A proton NMR study of solvent effects on the nature and reactivity of alkali metal trimethyltin derivatives

Abstract

Variable temperature NMR studies on solutions of LiSnMe, and KSnMe 3 indicate that an equilibrium between contact and solvent separated ion pairs occurs for these species. Solvents investigated, in order of decreasing ability to solvate the alkali metal ion are: hexamethylphosphoramide (HMPA) > 1,2-dimethoxyethane (DME) > bis(β-ethoxyethyl) ether (BEEE) > tetrahydrofuran (THF), with the equilibrium shifted strongly to the right by HMPA and strongly to the left by THF. The addition of two moles of HMPA per mole of lithium to a THF solution of LiSnMe 3 shifts the equilibrium strongly to the right. A shift to the right also is observed on lowering the temperature; this effect is greatest for DME solutions. Variations in 2 J(SnCH) for the MSnMe 3 species, as well as available IR data, give evidence that the structure of the SnC 3 fragment tends increasingly towards planarity with increasing solvation of the alkali metal.

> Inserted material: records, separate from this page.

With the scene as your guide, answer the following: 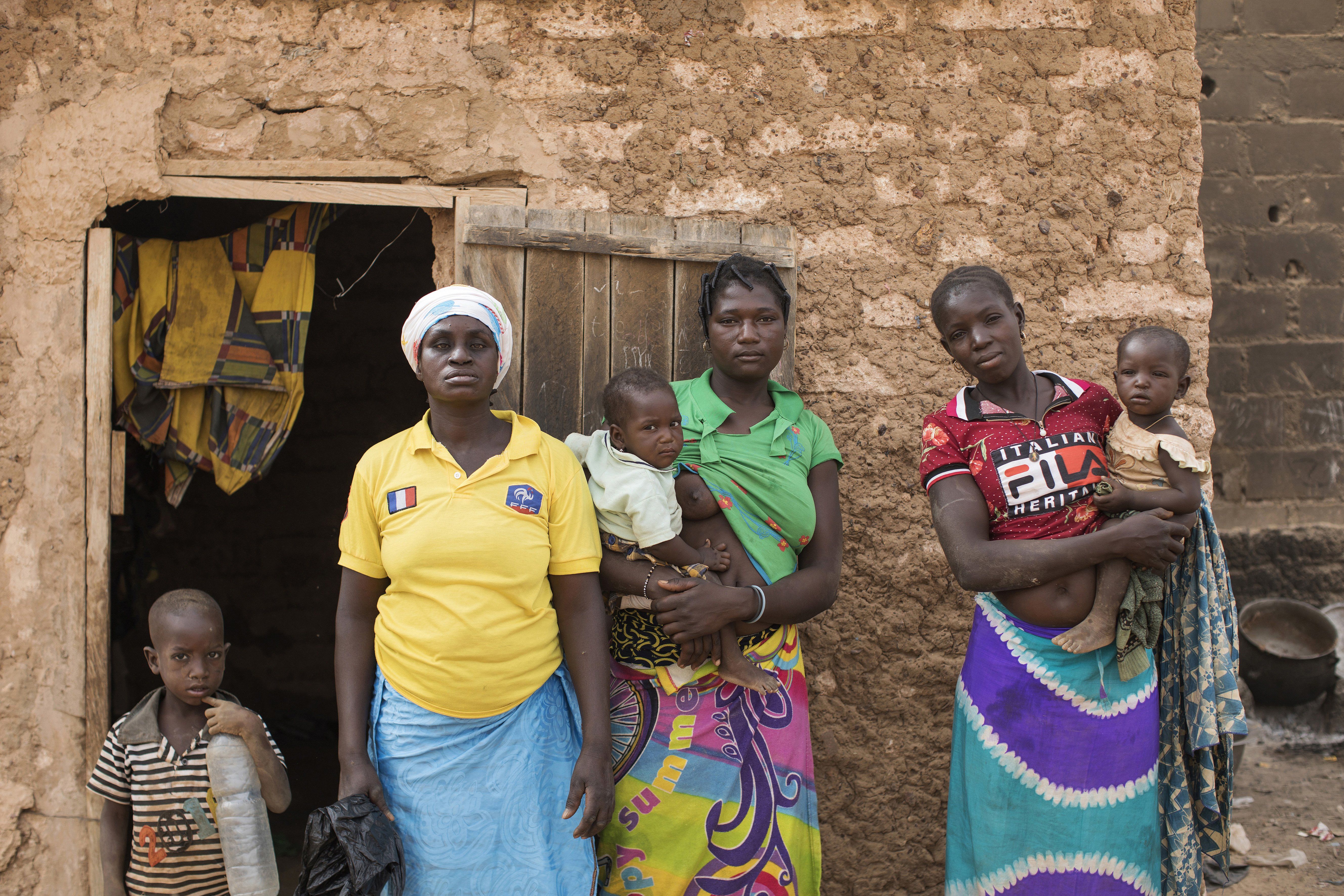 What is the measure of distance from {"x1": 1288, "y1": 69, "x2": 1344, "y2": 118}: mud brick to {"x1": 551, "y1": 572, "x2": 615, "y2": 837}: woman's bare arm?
535cm

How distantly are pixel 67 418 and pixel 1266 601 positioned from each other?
5516 mm

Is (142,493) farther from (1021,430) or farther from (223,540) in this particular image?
(1021,430)

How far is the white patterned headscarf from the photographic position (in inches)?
83.4

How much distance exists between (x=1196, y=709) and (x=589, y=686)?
1.42 meters

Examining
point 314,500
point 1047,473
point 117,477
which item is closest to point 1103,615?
point 1047,473

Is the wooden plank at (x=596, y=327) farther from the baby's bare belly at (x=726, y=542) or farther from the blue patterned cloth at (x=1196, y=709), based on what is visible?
the blue patterned cloth at (x=1196, y=709)

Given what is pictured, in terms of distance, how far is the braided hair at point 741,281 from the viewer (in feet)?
7.72

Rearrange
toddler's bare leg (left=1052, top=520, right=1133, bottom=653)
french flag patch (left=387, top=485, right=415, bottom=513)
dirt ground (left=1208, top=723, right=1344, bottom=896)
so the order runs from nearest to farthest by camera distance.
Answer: french flag patch (left=387, top=485, right=415, bottom=513)
toddler's bare leg (left=1052, top=520, right=1133, bottom=653)
dirt ground (left=1208, top=723, right=1344, bottom=896)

Unlike the carbon and silicon analogs, the trimethylstannyllithium species does not appear to attack the solvent on heating but rather rearrange to form SnMe 4 and LiSn(SnMe 3) 3. The rate of thermal decomposition of LiSnMe 3 in THF and the yield of LiSn(SnMe 3) 3 both are increased by the addition of 0.5 to 2 moles of HMPA per mole of lithium.